__EXERCISE BRIEF__: Copy out precisely the lines of the material that follows, beginning with the line containing "localisation de l'entreprise" and ending with its last line; exclude pictures.

__INPUT DATA__:
——

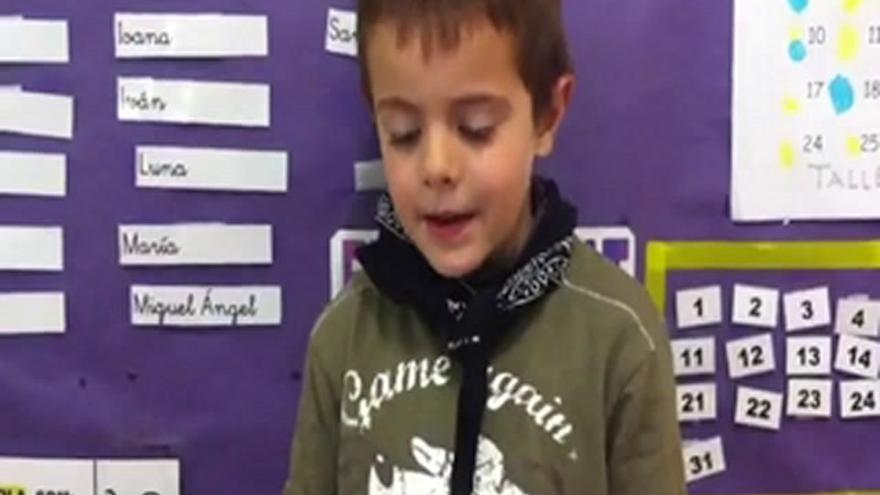 VIDEO - Escolar del Maestro Canós escribe una carta para que no cierren su colegio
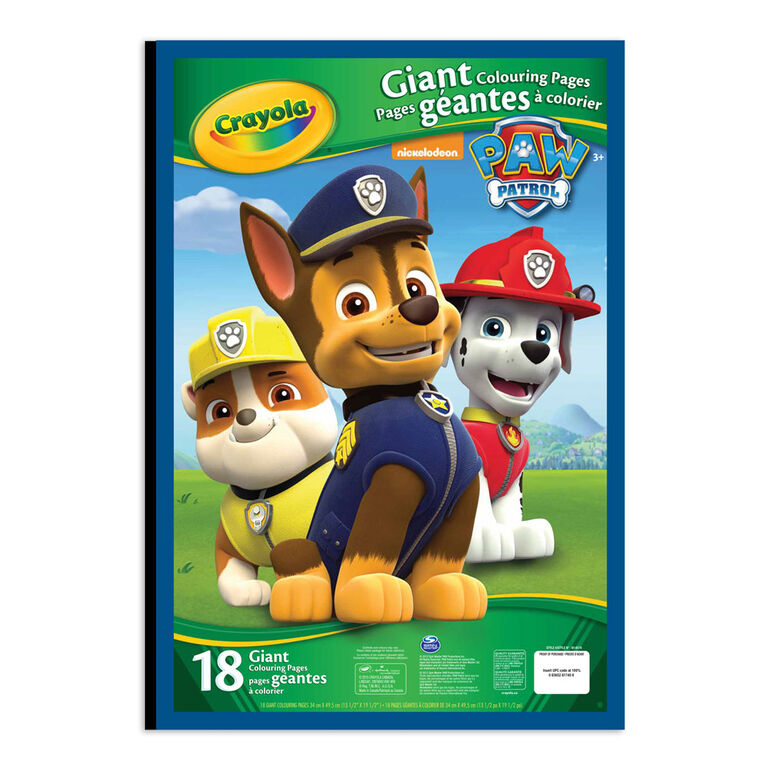 Crayola - Giant Colouring Pages - Paw Patrol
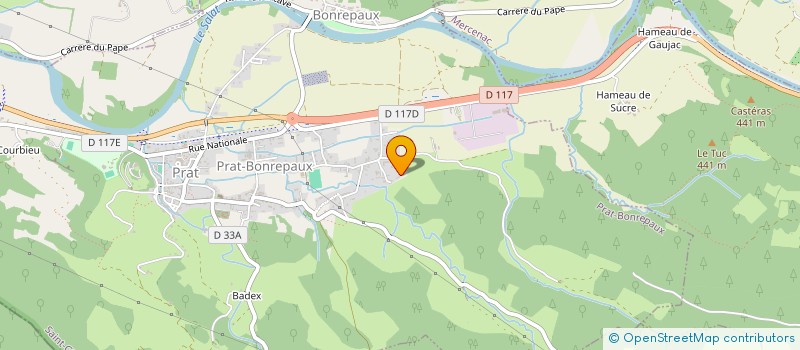 localisation de l'entreprise SO COOK WAKANDU à PRAT-BONREPAUX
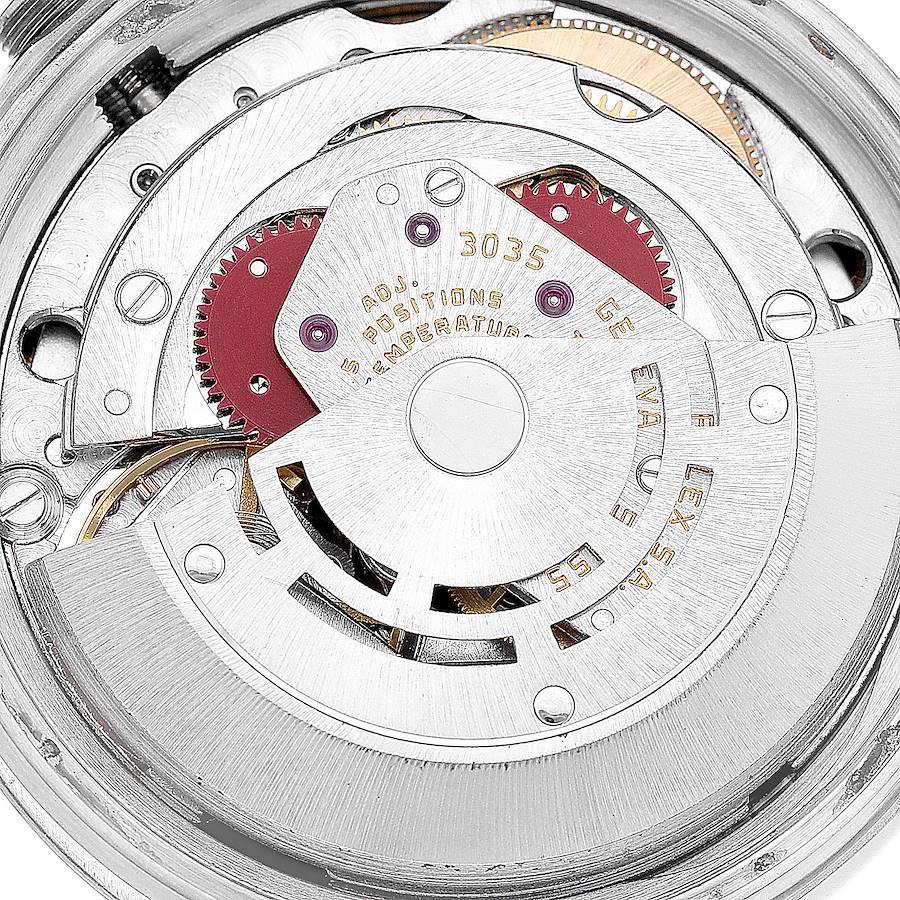 Rolex Datejust Steel White Gold Grey Tapestry Dial Vintage Mens Watch 16014 3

——

__TASK OUTPUT__:
 localisation de l'entreprise SO COOK WAKANDU à PRAT-BONREPAUX
 Rolex Datejust Steel White Gold Grey Tapestry Dial Vintage Mens Watch 16014 3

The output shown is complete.